I needed a way to increase my appreciation of life so I decided to start looking for the Good Life ... come along for the ride!

Tuesday, July 19, 2005

Essays from a SciFi Master

Isaac Asimov was one of the most recognized names in Science Fiction in the 20th Century. While he was a legendary novelist, he loved playing with ideas as the essays in The Tragedy of the Moon demonstrate. In "The Ancient and the Ultimate" he muses on the book as a form of "stored speech." Asked to speculate on the perfect video cassette of the future, he describes the BOOK - compact, self-contained, personal, unobtrusive, portable. Technology may find a replacement for the ubiquitous book but, until that day, Asimov argues, books will not disappear.

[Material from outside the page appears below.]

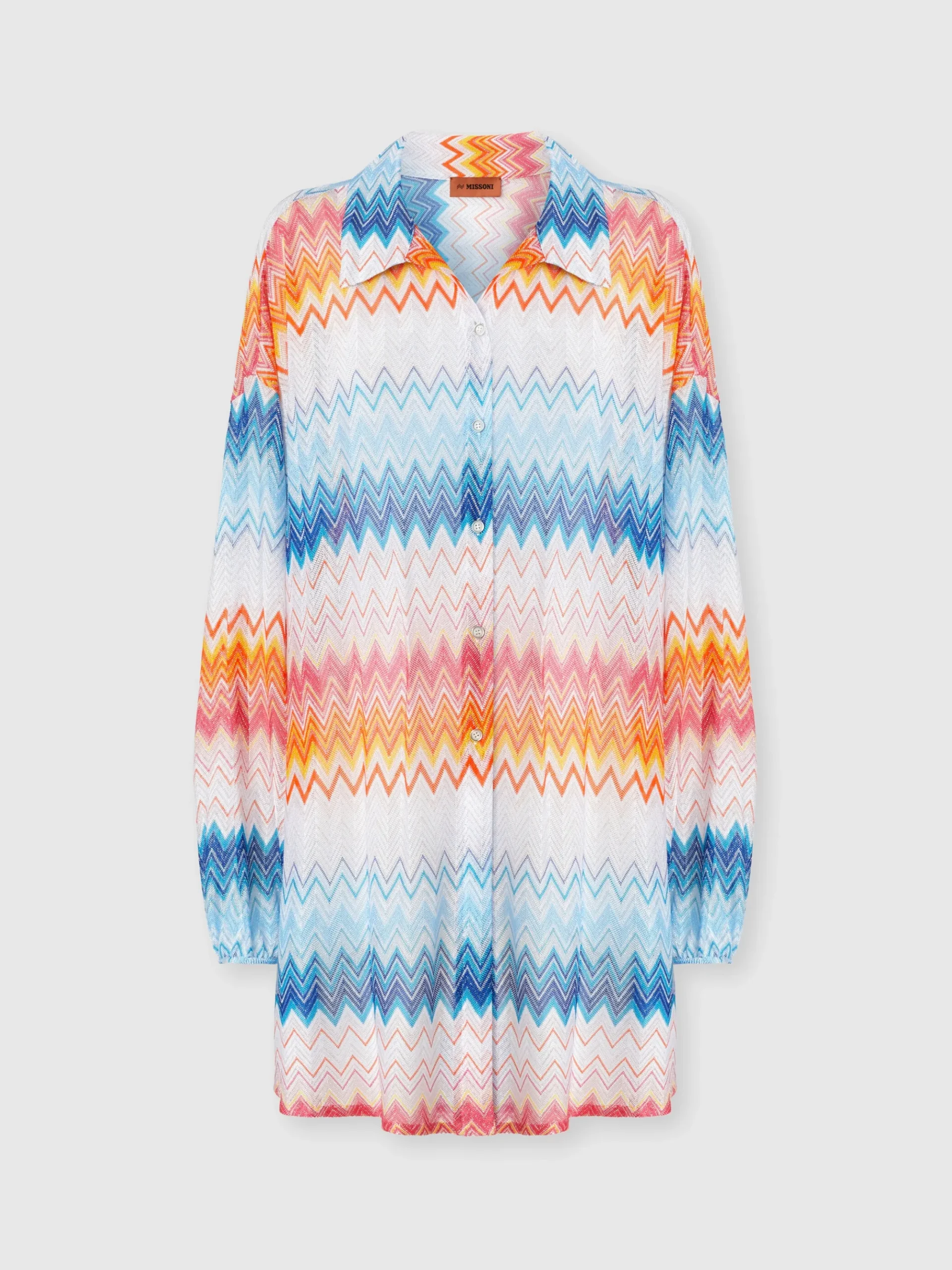 Camicia oversize in misto viscosa zig zag lamé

While the essays in this volume cover a lot of ground from space to the thyroid gland to the book, one of the most intriguing is "Lost in Non-Translation". Asimov examines the meaning of despised foreigners in two Biblical stories - a Moabite woman, in the Old Testament book of Ruth, and a Samaritan business man, Jesus' Parable of the Good Samaritan in the New Testament. He brings home the distinctions humans make toward those despised others in our midst in terms of American race relations. Although there have been many changes to the category of despised others in America, this essay is as thought provoking a treatment today as when it was published some 30 years ago.

These two essays alone make The Tragedy of the Moon worth reading.